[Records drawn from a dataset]
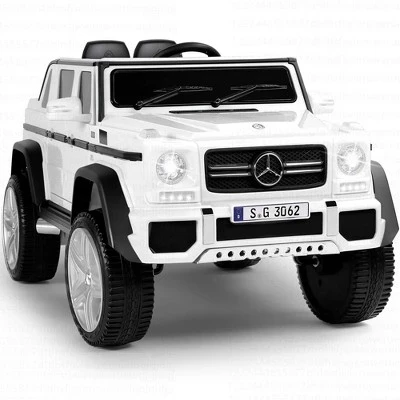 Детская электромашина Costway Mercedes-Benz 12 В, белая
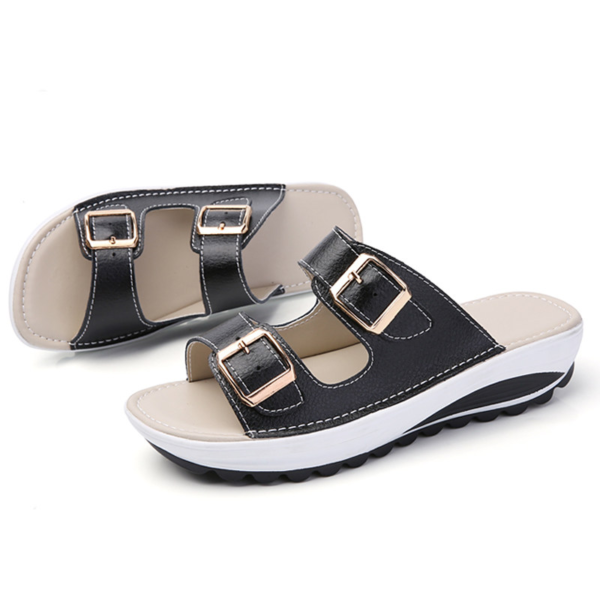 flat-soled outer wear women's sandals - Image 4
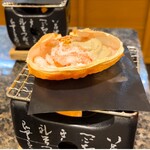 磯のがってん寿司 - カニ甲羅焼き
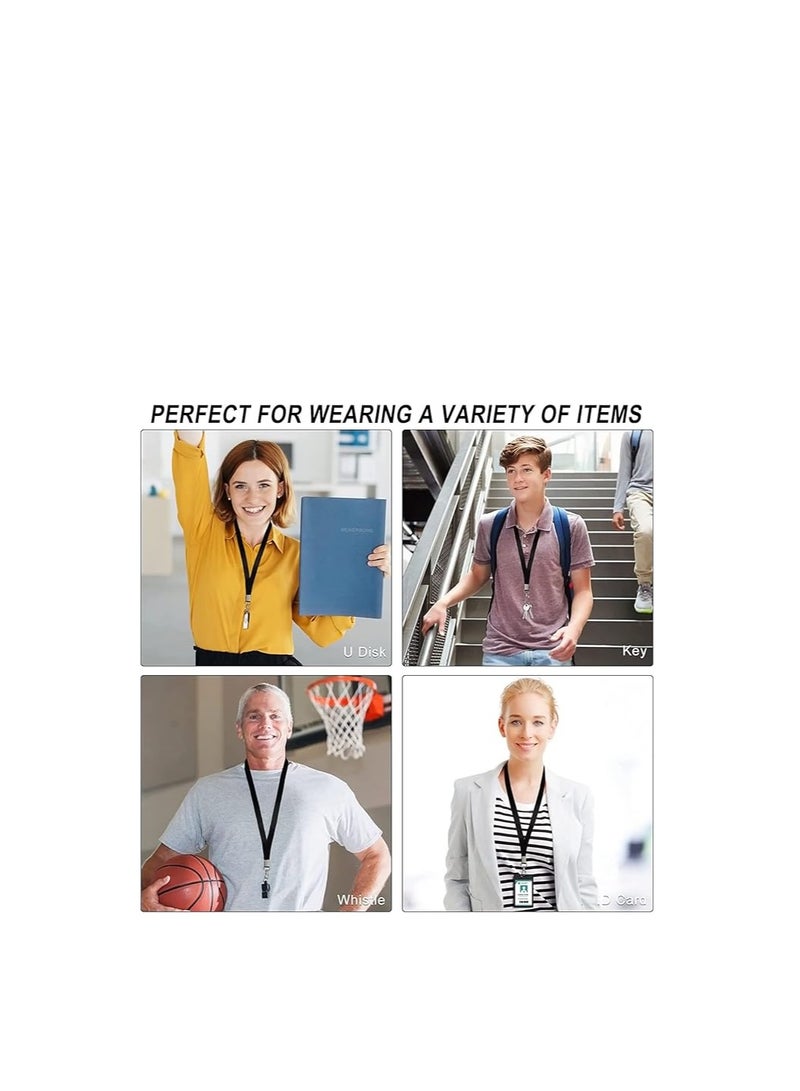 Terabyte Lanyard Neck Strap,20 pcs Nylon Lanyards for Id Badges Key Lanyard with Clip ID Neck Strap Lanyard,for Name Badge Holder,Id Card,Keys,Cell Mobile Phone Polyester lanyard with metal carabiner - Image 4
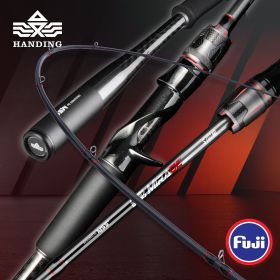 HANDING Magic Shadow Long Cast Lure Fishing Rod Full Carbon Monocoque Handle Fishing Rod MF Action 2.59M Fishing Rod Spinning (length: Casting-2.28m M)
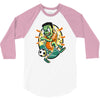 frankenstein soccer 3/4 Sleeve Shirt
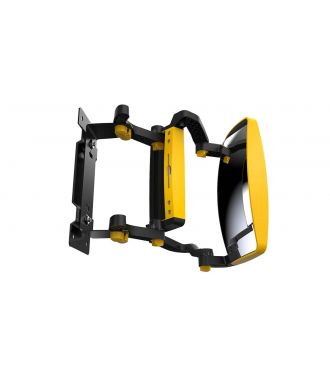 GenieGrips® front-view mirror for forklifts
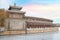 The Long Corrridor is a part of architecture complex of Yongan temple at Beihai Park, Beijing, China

--

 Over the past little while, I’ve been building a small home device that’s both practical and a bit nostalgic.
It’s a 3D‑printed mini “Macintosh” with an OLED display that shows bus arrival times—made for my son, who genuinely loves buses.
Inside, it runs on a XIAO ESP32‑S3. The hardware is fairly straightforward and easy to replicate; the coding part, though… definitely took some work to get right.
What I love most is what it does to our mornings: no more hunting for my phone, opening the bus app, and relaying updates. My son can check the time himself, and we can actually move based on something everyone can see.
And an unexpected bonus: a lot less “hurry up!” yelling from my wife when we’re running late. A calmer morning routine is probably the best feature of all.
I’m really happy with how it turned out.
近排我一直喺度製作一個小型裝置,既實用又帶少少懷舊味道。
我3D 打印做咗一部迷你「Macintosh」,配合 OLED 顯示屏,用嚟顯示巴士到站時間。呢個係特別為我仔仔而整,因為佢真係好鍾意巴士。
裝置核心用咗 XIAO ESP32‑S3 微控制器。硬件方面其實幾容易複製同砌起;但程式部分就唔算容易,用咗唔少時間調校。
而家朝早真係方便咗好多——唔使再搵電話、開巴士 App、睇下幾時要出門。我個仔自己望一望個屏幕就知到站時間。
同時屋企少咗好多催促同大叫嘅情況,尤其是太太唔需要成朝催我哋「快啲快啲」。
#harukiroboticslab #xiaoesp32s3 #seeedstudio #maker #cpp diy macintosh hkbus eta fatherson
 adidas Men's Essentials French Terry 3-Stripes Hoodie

- Work to complete -
What you return must match, character for character, the lines above from the one with "Детская электромашина Costway" through the one with "The Long Corrridor", minus any pictures.

- Task result -
 Детская электромашина Costway Mercedes-Benz 12 В, белая
 flat-soled outer wear women's sandals - Image 4
 磯のがってん寿司 - カニ甲羅焼き
 Terabyte Lanyard Neck Strap,20 pcs Nylon Lanyards for Id Badges Key Lanyard with Clip ID Neck Strap Lanyard,for Name Badge Holder,Id Card,Keys,Cell Mobile Phone Polyester lanyard with metal carabiner - Image 4
 HANDING Magic Shadow Long Cast Lure Fishing Rod Full Carbon Monocoque Handle Fishing Rod MF Action 2.59M Fishing Rod Spinning (length: Casting-2.28m M)
 frankenstein soccer 3/4 Sleeve Shirt
 GenieGrips® front-view mirror for forklifts
 The Long Corrridor is a part of architecture complex of Yongan temple at Beihai Park, Beijing, China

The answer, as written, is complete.